- Input data:
'''

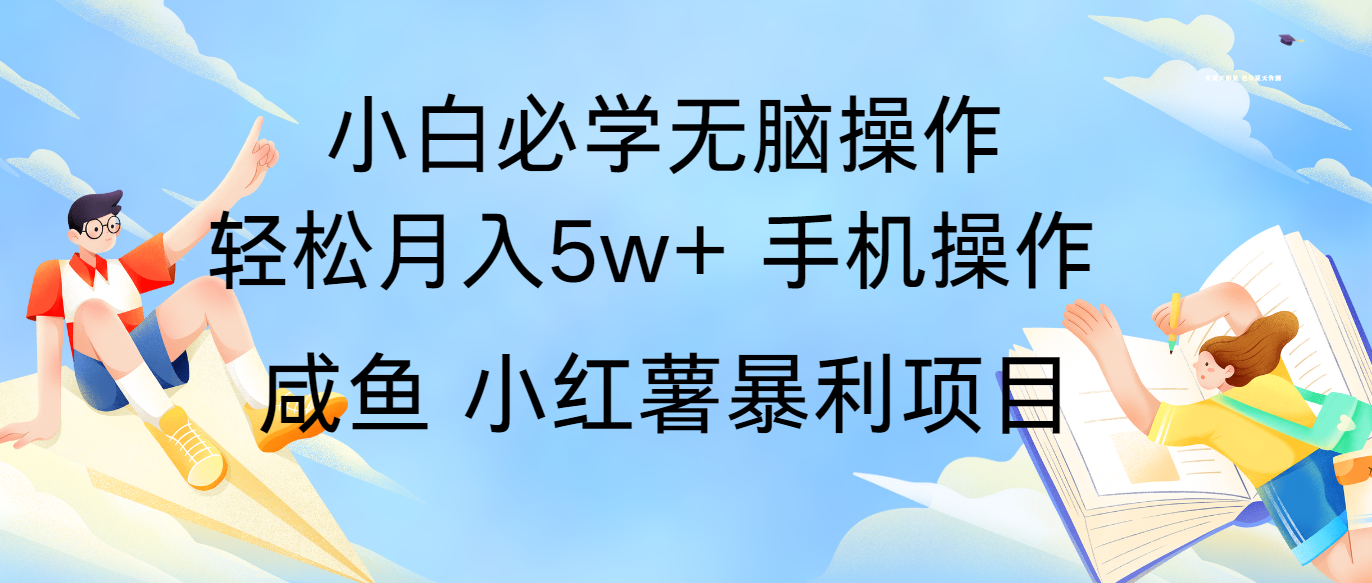 全网首发2024最暴利手机操作项目，简单无脑操作，每单利润最少500+-大鱼聊项目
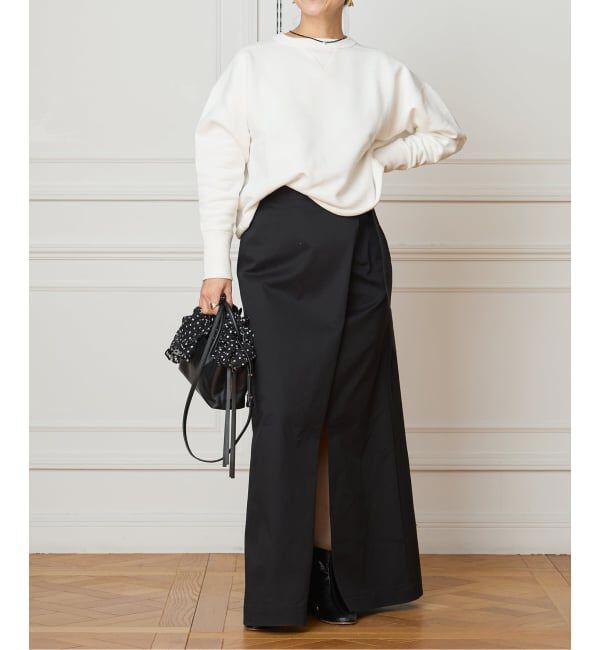 IENA LA BOUCLE「《予約》IENA LA BOUCLE チノラップスカート」|スカート|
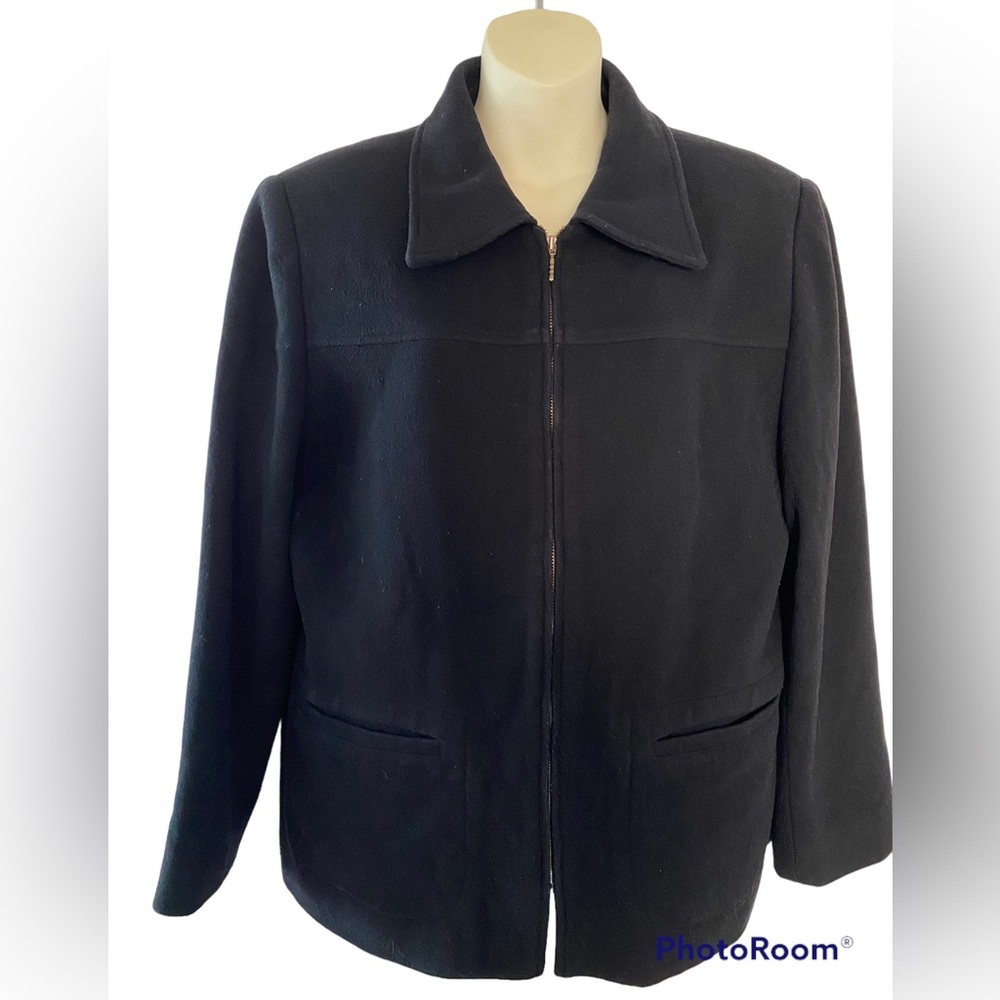 Lindor petite black blazer size 14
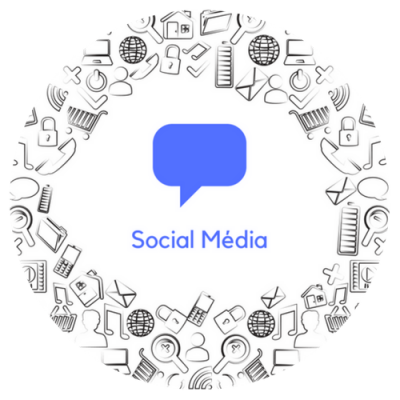 Social Media button - circle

'''

- Prompt: Repeat the data exactly, excluding the pictures.

- Response to the exercise:
 全网首发2024最暴利手机操作项目，简单无脑操作，每单利润最少500+-大鱼聊项目
 IENA LA BOUCLE「《予約》IENA LA BOUCLE チノラップスカート」|スカート|
 Lindor petite black blazer size 14
 Social Media button - circle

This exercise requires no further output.